Doing the math for a flywheel launcher is surprisingly involved. I’ve created this spreadsheet to simplify it. The paper that the math is based on is linked in the README. Originally based on JVN’s design calculator.

I plugged 'Snow Problem’s launcher parameters into it and got a trajectory pretty similar to what we saw on the real robot, but I’d really appreciate more validation, especially for higher-MOI systems and any data about recovery time and peak current that you can provide!

Your power calculation is incorrect.
Power [watt] is torque [NM] · rotation speed [rad/sec]
or
Power [Killo-watt] is torque [NM] · rotation speed [rad/sec]/1000
You wrote in line 5 power [Killo watt] = torque[NM] · rotation speeed[1/minute(aka RPM)]/1000
You need to multiply the rotation speed [RPM] by 2pi/60 to get the speed in [rad/sec]

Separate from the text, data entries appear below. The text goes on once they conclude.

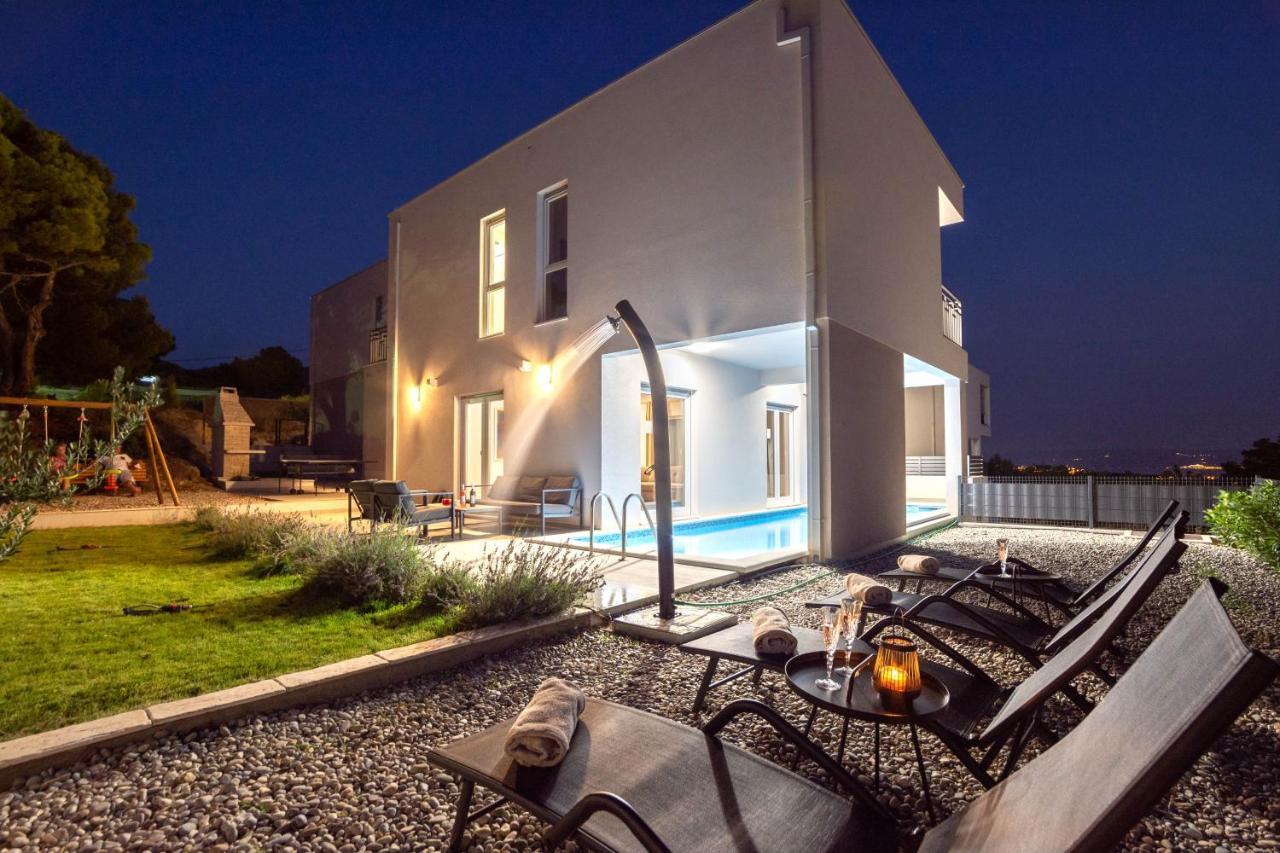 Villa Dorso With Heated Pool Klis Εξωτερικό φωτογραφία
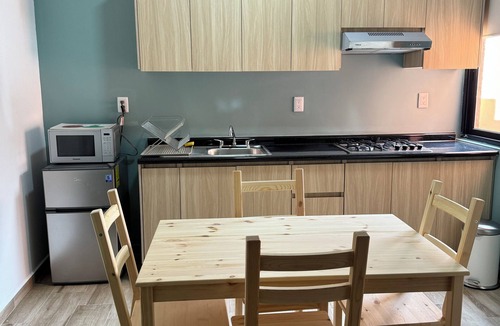 La Condesa House | Lovely Street Level Apartment of 2 Bedroom, 3 Bathroom, Living Room and Kitchen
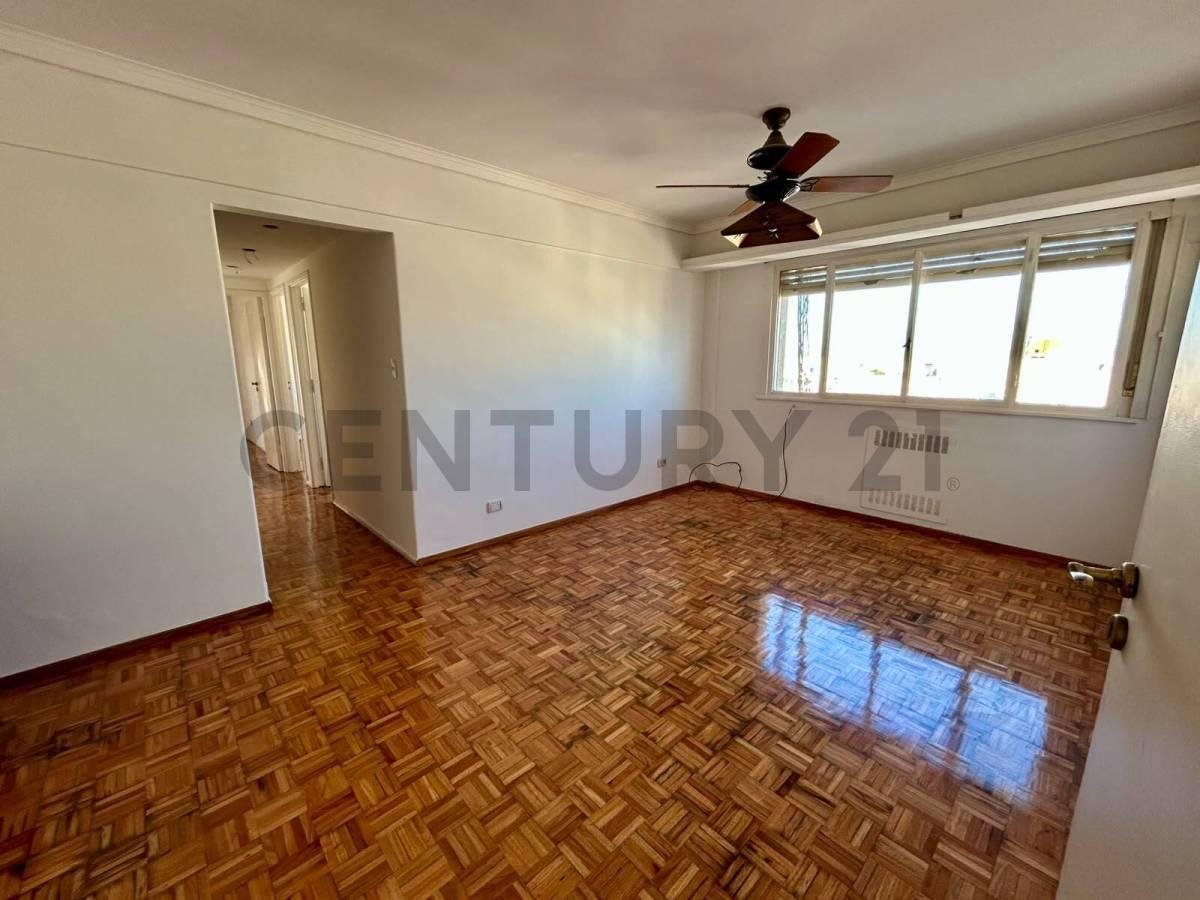 Foto de DEPARTAMENTO EN VENTA 4 AMBIENTES EN ALMAGRO, imagen 3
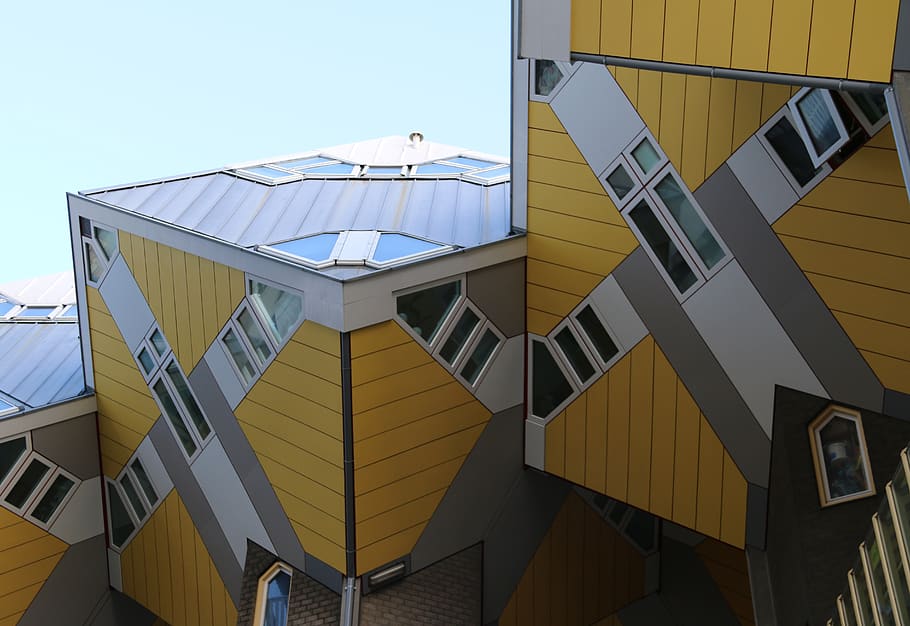 arquitectura, edifici, infraestructura, estructura, establiment, apartament, finestres, sostre, cel, estructura construïda, exterior de l'edifici, vista d’angle baix, groc, dia, cap gent, cel clar, naturalesa, finestra, a l'aire lliure, modern, ciutat, barri residencial, blau, llum solar, patró, vidre - material, exterior d’edifici d’oficines, gratacels, directament a sota, 5K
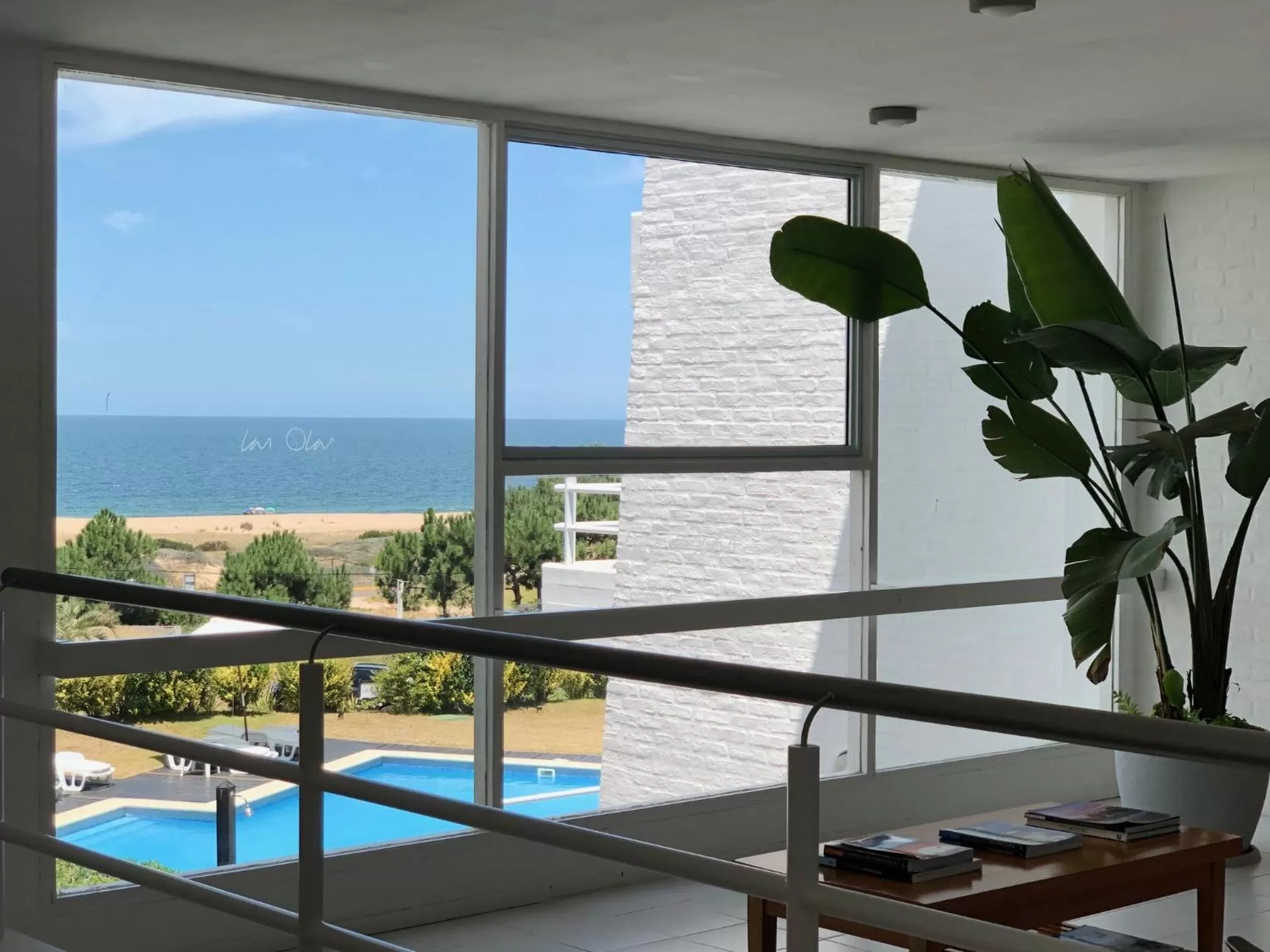 Balcony/Terrace, Pool View in Hotel Las Olas Resort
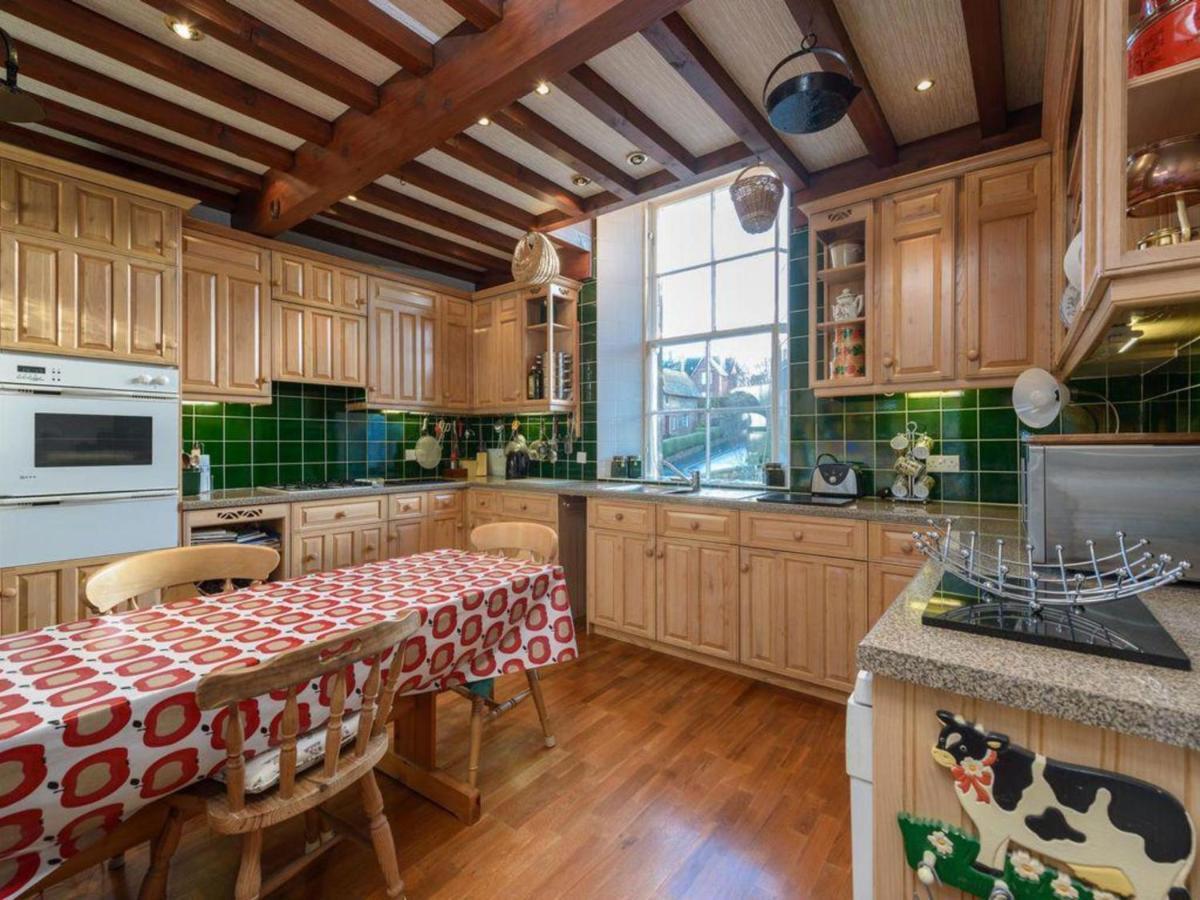 Benholm -Stunning 3-Bed Apartment In Норт-Бервік Екстер'єр фото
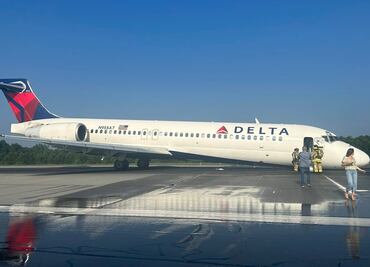 Milagro en el aire: Avión de Delta aterriza sin su tren de aterrizaje en Carolina del Norte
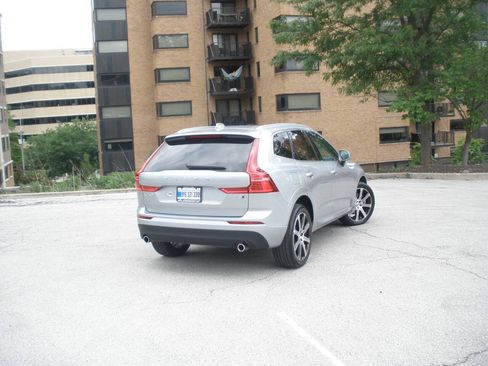 Used 2018 Volvo XC60 T5 Momentum AWD/4WD image 19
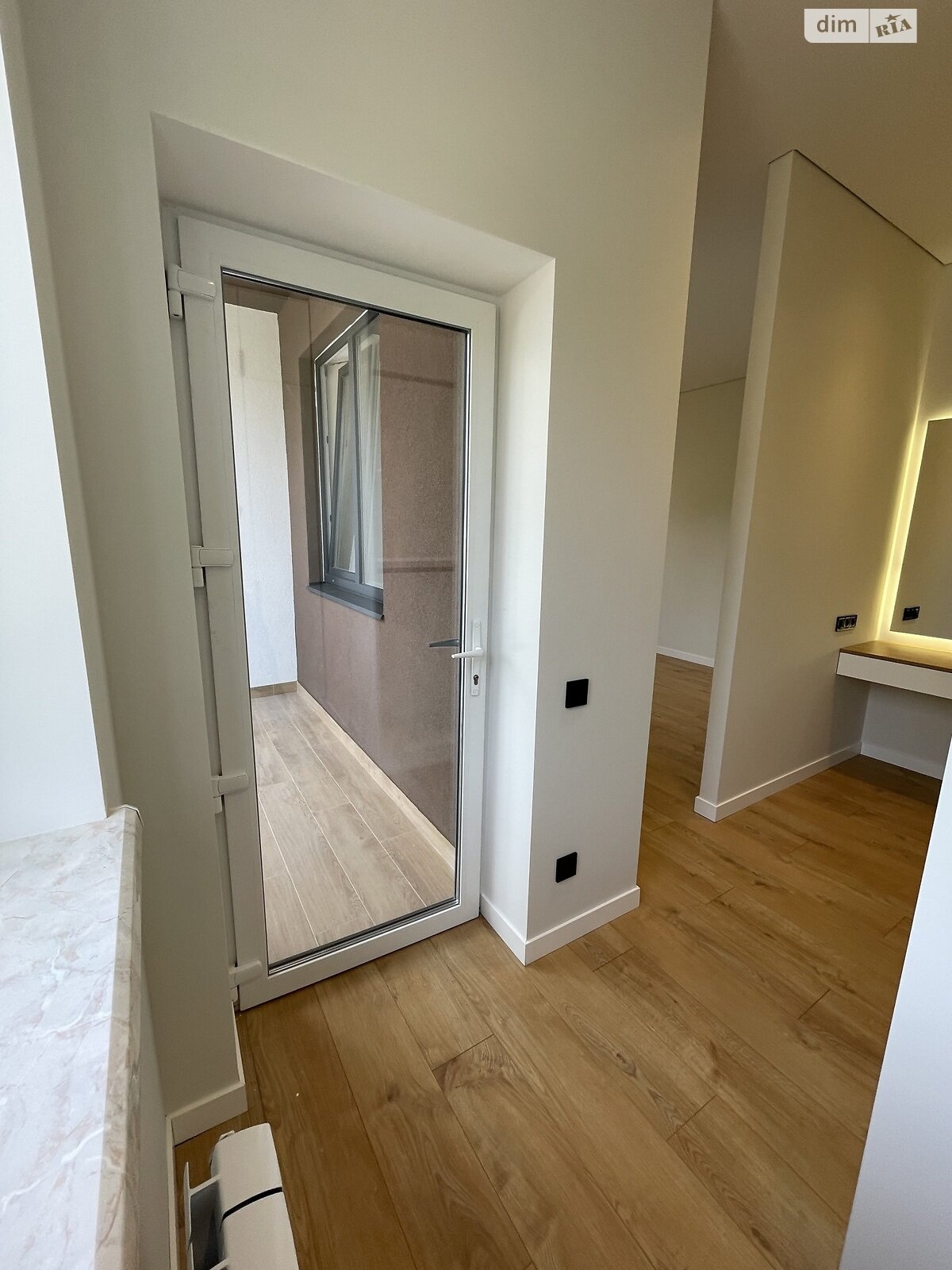 двухэтажный таунхаус, 124 кв. м, кирпич. Продажа в Ирпене фото 1 двухэтажный таунхаус, 124 кв. м, кирпич. Продажа в Ирпене фото 1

Anyway, this is a very cool tool and you can add stuff to it like additional motors’ data, efficiency curve (output power over input power(aka voltage times current)) and more

Good catch. I’ve updated the link in the OP to the fixed version and added the efficiency curve.

Right now the data in there is from the CIM motor, but you can change it to any other motor by copying the data from motors.vex.com into the “Motor Parameters” folder.

I used OSP Tracker to analyze the video that he shot from the side, and considering that this was caught at 8x normal speed, the data gives a launch speed of 26.1 ft/s- almost exactly what the model predicts! See also: (Rough) Launch trajectory

I’ve been working on a similar calculator for a while now, and I’ve been stuck on a few things. I took some time to look over how you handled these problems, and I want to confirm that I’m understanding your solutions correctly.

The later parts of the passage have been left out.